THIS year has definitely been more trick than treat so far, but two Llandrindod Wells sisters are hoping to put a smile back on children’s faces this Hallowe’en.
Coronavirus has, and continues, to throw up all sorts of frightful stats and situations, but Louena and Shannon Weale will be aiming to spread more joy rather than fear around the spa town at the end of the month, by delivering packages of sweets to the doorsteps of children who might not be allowed out or feel comfortable going trick or treating as usual.
Louena put out a post on Facebook earlier this month, envisaging that Hallowe’en was going to be very different this year, informing parents in Llandrindod that she and her older sibling wanted to put together treat packages for local kids.

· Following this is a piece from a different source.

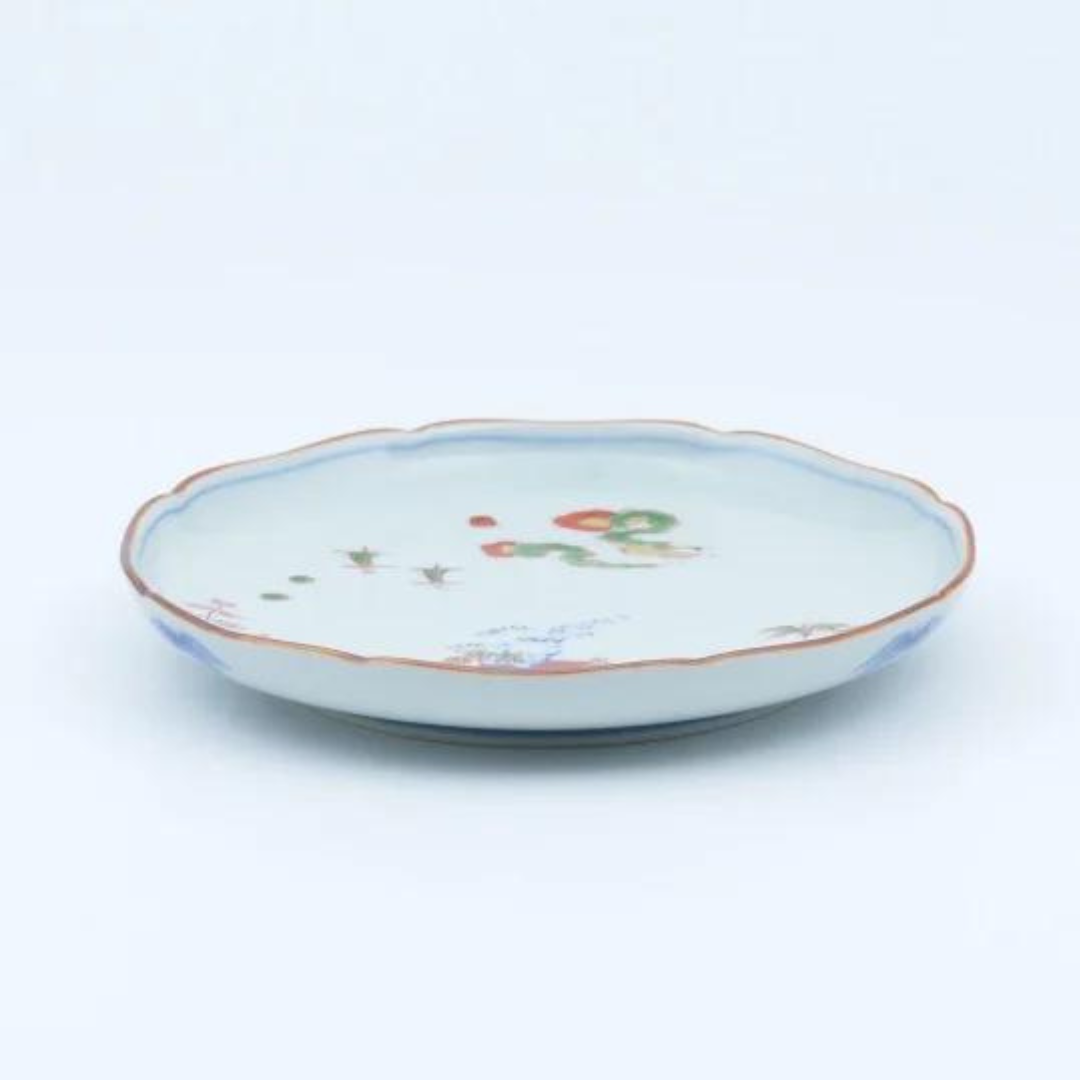 Assiette Arita ronde 19,5×3cm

The community-spirited 20-year-old said the sisters will deliver to each address, sanitise and wear gloves and stay socially-distanced while doing so – and even dress up in traditional Hallowe’en costumes.
“We came up with this idea because we love Hallowe’en and take part in it in our house by decorating and handing out sweets every year,” said Louena, who lives in the town’s Ridgebourne area.

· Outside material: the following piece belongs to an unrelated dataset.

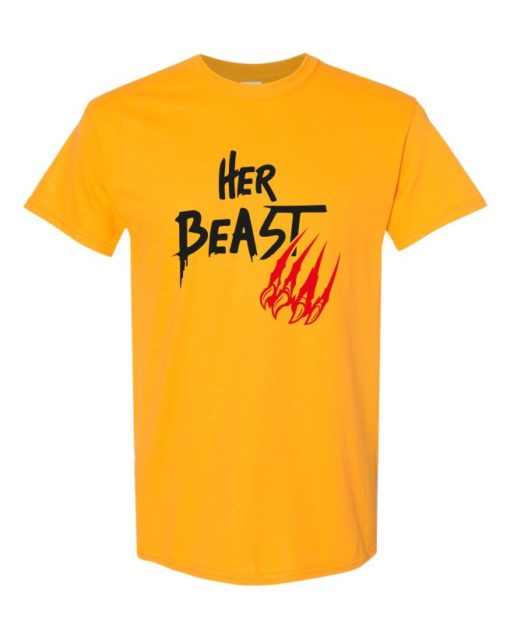 HER BEAST - T-shirt Col Rond Pour Adultes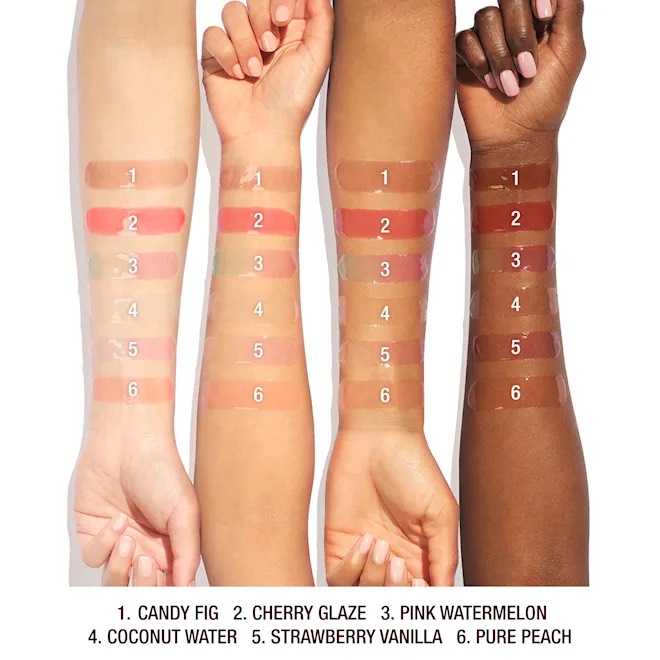 Charlotte Tilbury  Масло для губ Unreal Lips Healthy Glow Nectar Oil. Candy Fig 5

“We were gutted because there weren’t many kids visiting our house last year, so this year because Covid is here and some parents might not feel comfortable with their kids going out, we thought it would be even worse. So to make parents feel comfortable we said we would go to their houses instead.”
Fears were raised last week that even trick or treating would be affected by coronavirus restrictions placed on regions throughout the UK in recent weeks and months.
The traditional October 31 practice has effectively been ‘banned’ in some areas of Wales where there are increased coronavirus restrictions.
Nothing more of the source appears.